— Directions for this task —
Would you please give every entry again exactly, without the pictures?

Scraped caption text data

▼

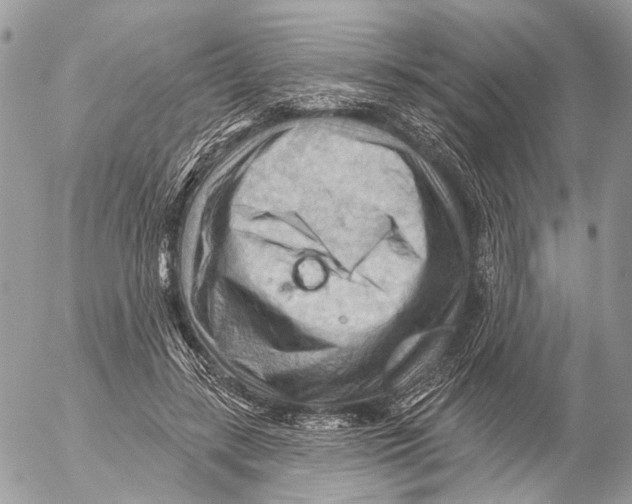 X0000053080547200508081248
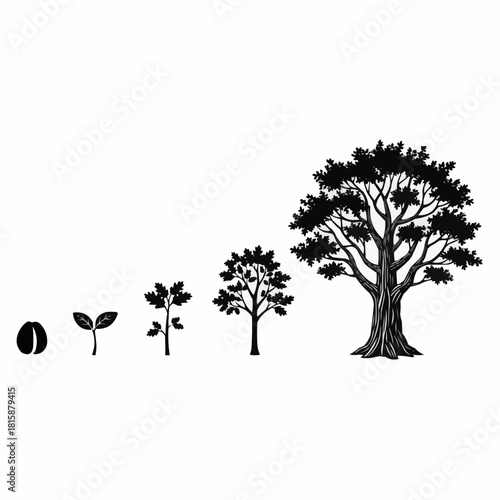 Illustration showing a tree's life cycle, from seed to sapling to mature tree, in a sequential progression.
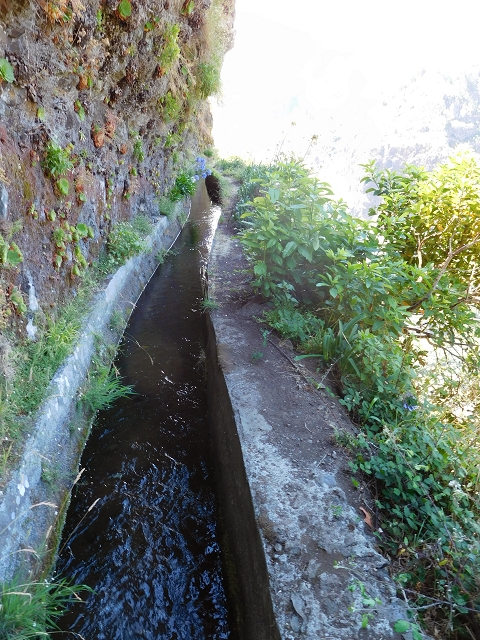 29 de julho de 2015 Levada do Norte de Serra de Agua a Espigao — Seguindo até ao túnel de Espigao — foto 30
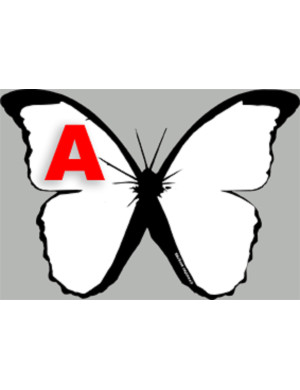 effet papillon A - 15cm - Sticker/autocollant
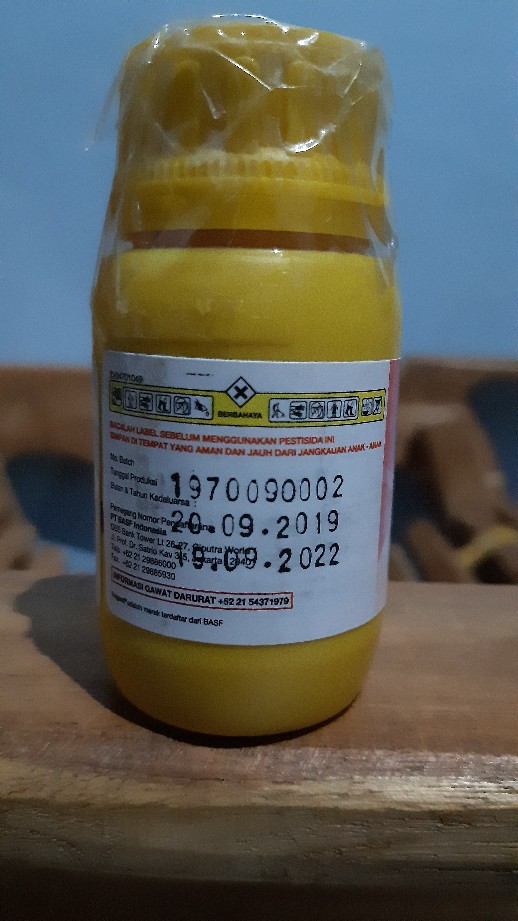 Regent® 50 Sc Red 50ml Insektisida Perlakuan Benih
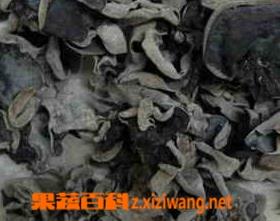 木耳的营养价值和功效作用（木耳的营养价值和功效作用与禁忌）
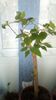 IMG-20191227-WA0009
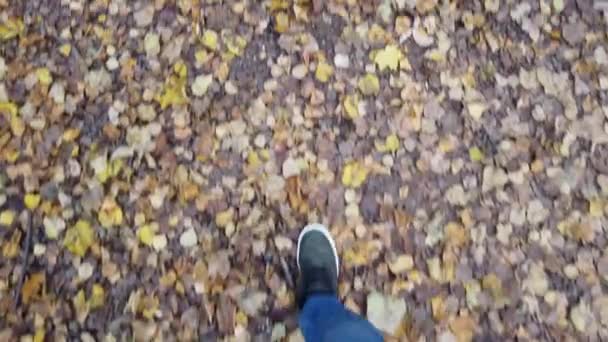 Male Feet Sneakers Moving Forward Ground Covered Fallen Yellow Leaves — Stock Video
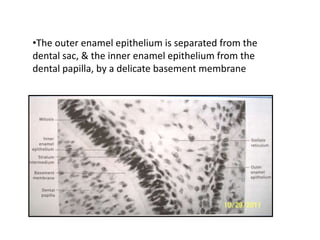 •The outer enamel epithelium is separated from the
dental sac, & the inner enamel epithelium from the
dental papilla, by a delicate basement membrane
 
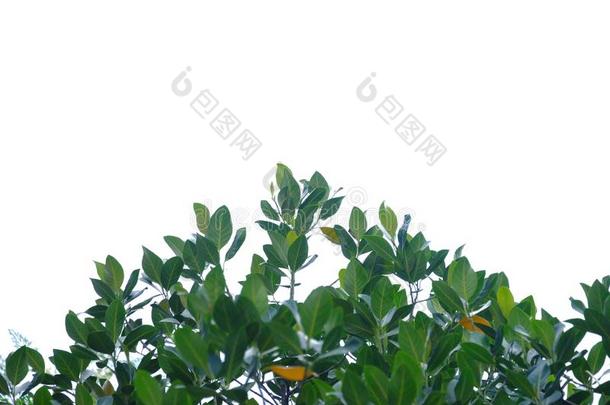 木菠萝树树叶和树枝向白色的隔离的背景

▲

— Answer to the exercise —
 X0000053080547200508081248
 Illustration showing a tree's life cycle, from seed to sapling to mature tree, in a sequential progression.
 29 de julho de 2015 Levada do Norte de Serra de Agua a Espigao — Seguindo até ao túnel de Espigao — foto 30
 effet papillon A - 15cm - Sticker/autocollant
 Regent® 50 Sc Red 50ml Insektisida Perlakuan Benih
 木耳的营养价值和功效作用（木耳的营养价值和功效作用与禁忌）
 IMG-20191227-WA0009
 Male Feet Sneakers Moving Forward Ground Covered Fallen Yellow Leaves — Stock Video
 •The outer enamel epithelium is separated from the
dental sac, & the inner enamel epithelium from the
dental papilla, by a delicate basement membrane
 
 木菠萝树树叶和树枝向白色的隔离的背景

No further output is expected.